La pédopsychiatrie est davantage touchée et fait face à une situation « catastrophique ». Les soignants sont en grande difficulté. Des enfants et leurs parents souffrent du manque d'accompagnement, alors que les files d'attente s'allongent dans les centres médico-psychologiques et médico-psycho-pédagogiques. Depuis des années, les professionnels tirent la sonnette d'alarme. Ils sont à bout.

A ce jour, on estime environ que 1 750 enfants sont en attente de places en établissement spécialisé. Certains d’entre eux sont « sans solution » : sans scolarité, sans soins, sans éducation autre que la famille à la maison. Le rapport du Sénat sur la psychiatrie des mineurs de 2017 indiquait déjà le « constat d’une grande difficulté de la discipline, traversant une crise démographique ne lui permettant pas de répondre à ses besoins en évolution ». Cette situation a été rappelée à l’occasion des Assises de la santé mentale et de la psychiatrie en 2021.

En conséquence, à l’occasion d’une tribune parue dans la presse le 24 novembre 2022, un collectif de soignants indiquait qu’en conséquence de ce manque de moyens et pour répondre aux multiples sollicitations, « les services doivent, malgré eux, réaliser un « tri » des patients, car ils ne peuvent pas répondre à toutes les demandes.  Les urgences et les situations graves, de plus en plus graves, car ayant eu à attendre longtemps un premier rendez-vous, augmentent sans cesse. Les professionnels sont débordés et doivent s’infliger ce « tri » ».

La recherche en santé mentale n’est pas suffisante ! Enfin, la recherche et l'innovation en psychiatrie et pédopsychiatrie stagnent en France, faute d’investissements massifs, alors qu'elles connaissent un puissant essor aux États-Unis, au Royaume-Uni et en Europe du Nord. Par exemple, alors que la France consacre seulement 4 % du budget de la recherche médicale à la santé mentale, les Etats-Unis lui allouent 16 % de leur budget et les start-ups américaines investissent plus d'un milliard de dollars par an dans la psychiatrie.

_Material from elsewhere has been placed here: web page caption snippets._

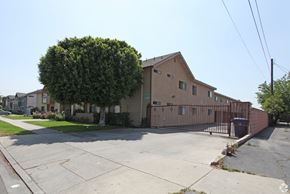 Sun Valley multi-family for rent - A large tree is in front of a building.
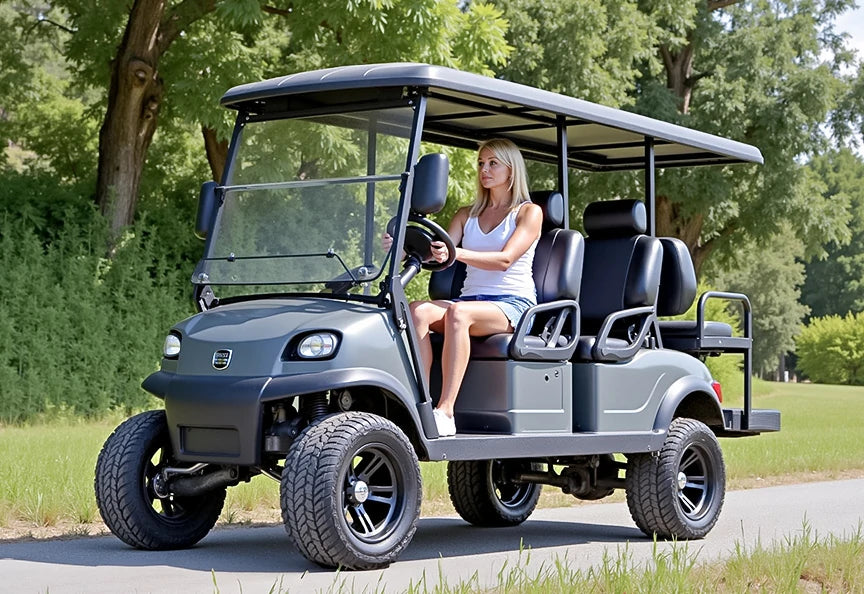 A woman driving a gray golf cart on a path surrounded by greenery, showcasing golf cart lithium batteries.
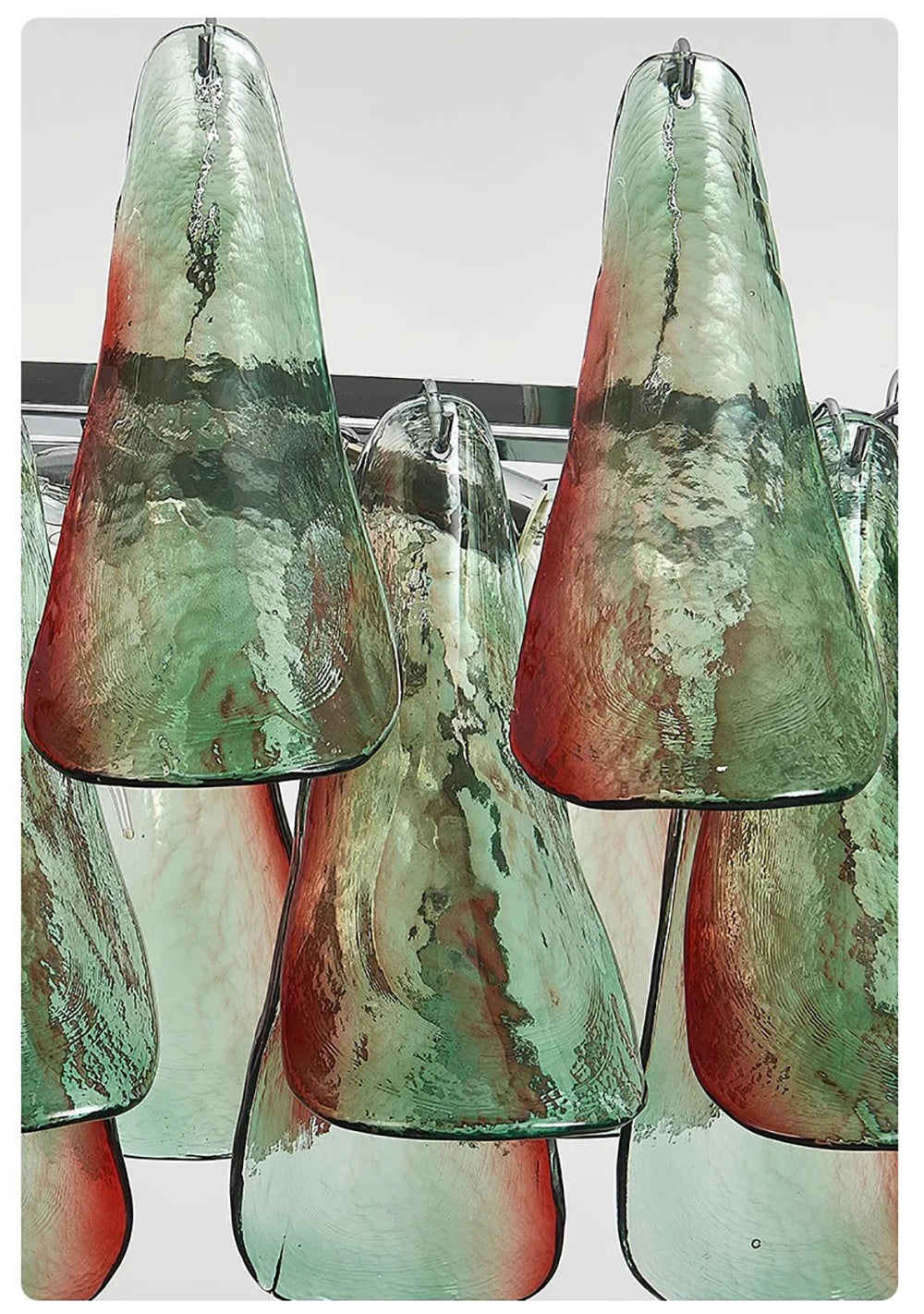 Set of glass pendant lights with a green and red marbled pattern on a white background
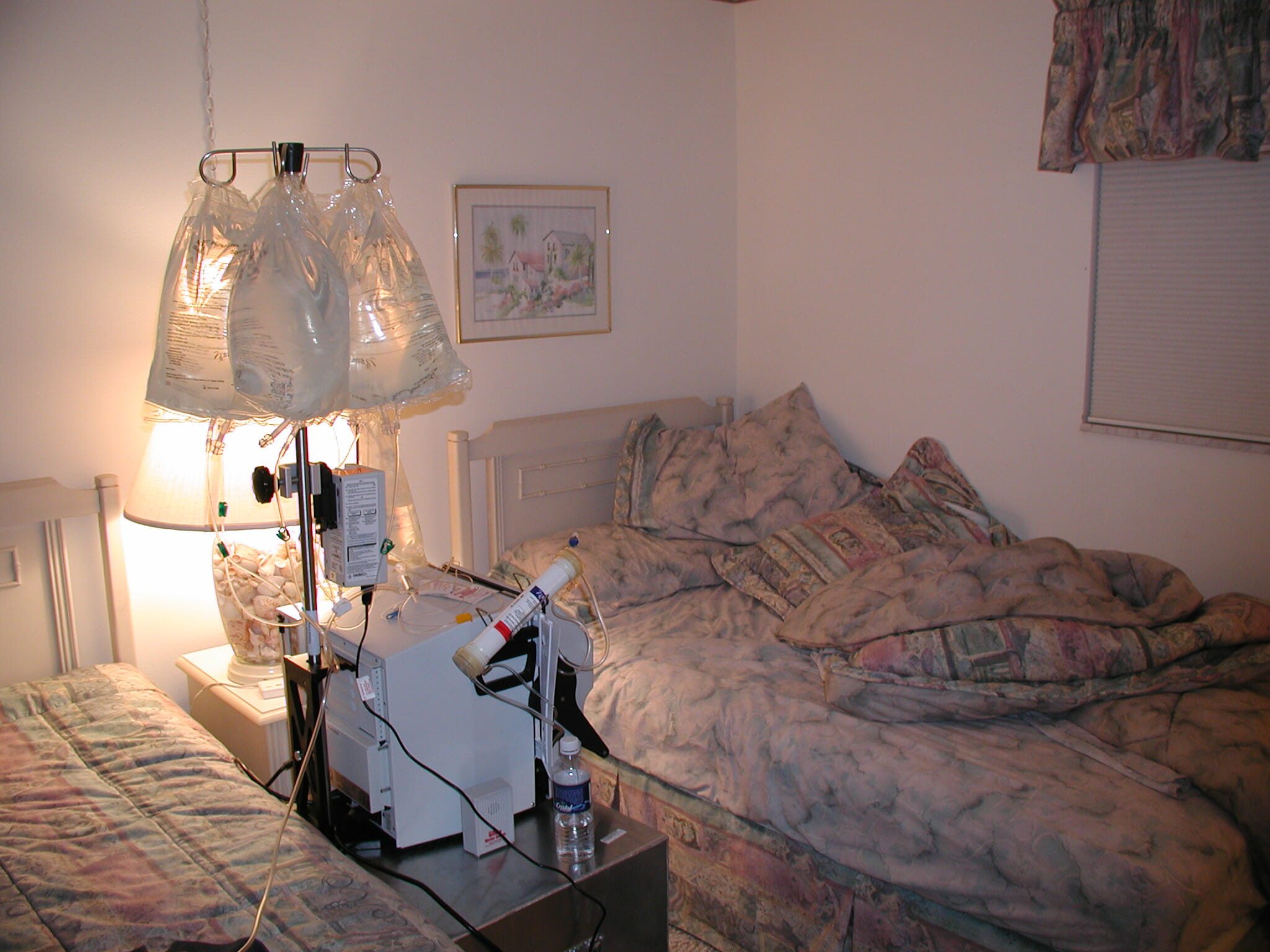 A hemodialysis machine in a bedroom. There would be great risk to the user of this machine if the utility company shut-off this home's electricity.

La France, pionnière en termes de recherche scientifique, doit impérativement rattraper son retard en la matière et l’Etat doit y prendre toute sa responsabilité.

C’est pourquoi la proposition de résolution invite le Gouvernement à se mobiliser beaucoup plus concrètement afin de répondre à cette demande urgente de prévention, de diagnostic et de prise en charge, notamment par la création d’un Institut national de la santé mentale.